Stored entries
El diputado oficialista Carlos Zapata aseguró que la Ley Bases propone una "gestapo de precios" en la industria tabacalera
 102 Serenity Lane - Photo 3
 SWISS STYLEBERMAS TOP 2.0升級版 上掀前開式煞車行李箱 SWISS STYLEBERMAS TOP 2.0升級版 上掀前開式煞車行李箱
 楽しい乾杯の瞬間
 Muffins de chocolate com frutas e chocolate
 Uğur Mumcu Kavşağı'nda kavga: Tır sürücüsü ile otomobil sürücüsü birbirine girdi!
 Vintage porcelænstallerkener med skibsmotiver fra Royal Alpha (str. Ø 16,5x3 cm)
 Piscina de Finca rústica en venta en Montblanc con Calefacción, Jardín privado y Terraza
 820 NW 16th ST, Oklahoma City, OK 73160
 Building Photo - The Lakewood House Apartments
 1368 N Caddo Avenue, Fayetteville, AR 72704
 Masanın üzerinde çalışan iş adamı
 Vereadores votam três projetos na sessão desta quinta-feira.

What needs to be done: Give an exact reproduction of the lines from the one with "Masanın üzerinde çalışan iş adamı" to the final line of the entries, including both.

Worked solution:
 Masanın üzerinde çalışan iş adamı
 Vereadores votam três projetos na sessão desta quinta-feira.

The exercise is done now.